# cheap modem + router



## rahul7 (Jul 13, 2015)

hi i want to buy a cheap modem + router for airtel broadband that will have a range of 3 rooms.
which one's should i buy. 

is this TP Link one still good? are their good one's cheaper than this.

 TP-Link TD-W8961ND 300Mbps Wireless N ADSL2+ Modem Router (White) - Buy TP-Link TD-W8961ND 300Mbps Wireless N ADSL2+ Modem Router (White) Online at Low Price in India - Amazon.in 

and apart from the USB port whats the difference between W8961 vs W8968.

Thanks


----------



## Faun (Jul 20, 2015)

Buy W8968.


----------



## rahul7 (Jul 25, 2015)

i ordered the W8968 and received it on the 20th however the signal strength was low as compared to my W8961. also ping to google.com times were higher around 80 ms and fluctuating as compared to 65ms on my W8961.
I read this modem has some antennae issues but even on LAN cable this one seemed slower. 

The major issue however was while opening many sites it shows server not found and i have to refresh 20-30 times and then it opens.

So finally decided to get replacement from amazon and received the new one today but again im having the same issues with this one as well.
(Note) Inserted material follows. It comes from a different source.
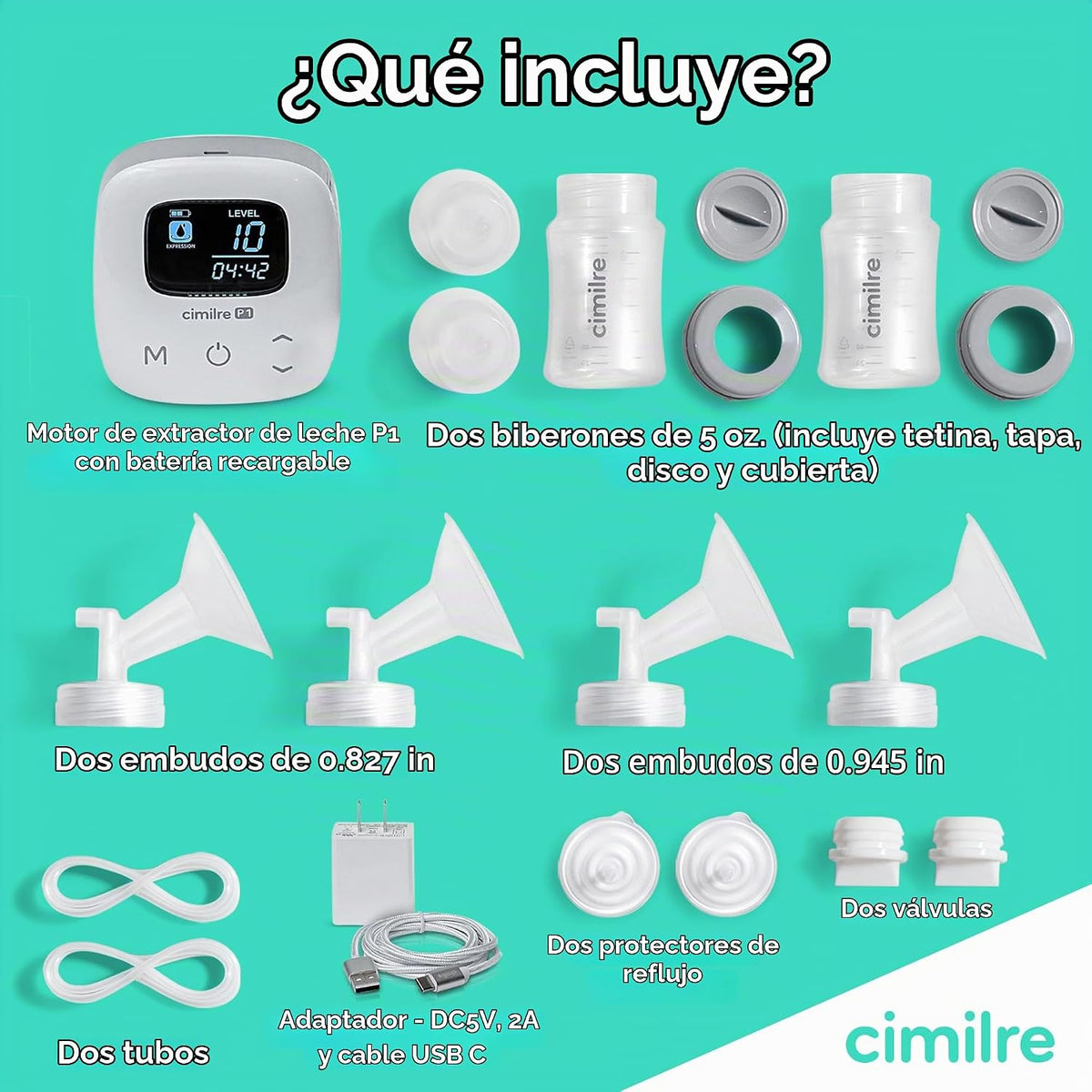 Cimilre P1 Kit de extractor de leche eléctrico doble portátil | Dis...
btw the SNR margin is 23.5 and 30.6 and Attenuation is 13.5 and 9.6 - even on the previous one it was similar

Should i return this one as well or is this common on all W8968? overall i feel that W8961 is better if u don't want the extra features. I only decided for W8968 as the price difference wasn't much.


----------



## SaiyanGoku (Jul 25, 2015)

My w8968 is working fine. Seems like issue is coming from airtel's servers. They are notorious for script injection in webpages and all that to control network traffic.


----------



## whitestar_999 (Jul 25, 2015)

also check mtu values as default value in modems/routers often doesn't work for many sites(just search here or google for mtu value).


----------



## rahul7 (Jul 26, 2015)

SaiyanGoku said:


> My w8968 is working fine. Seems like issue is coming from airtel's servers. They are notorious for script injection in webpages and all that to control network traffic.



but the same sites need no refreshing when i switch back to my previous modem on airtel connection

- - - Updated - - -



whitestar_999 said:


> also check mtu values as default value in modems/routers often doesn't work for many sites(just search here or google for mtu value).



default was 1480...went as low as 1400 but again no luck...the default on my old modem is 1480 too and it works fine


----------



## whitestar_999 (Jul 28, 2015)

confirm issue is present even when using proxy sites.


----------



## rahul7 (Jul 31, 2015)

whitestar_999 said:


> confirm issue is present even when using proxy sites.



already returned it....never checked it with proxy sites


----------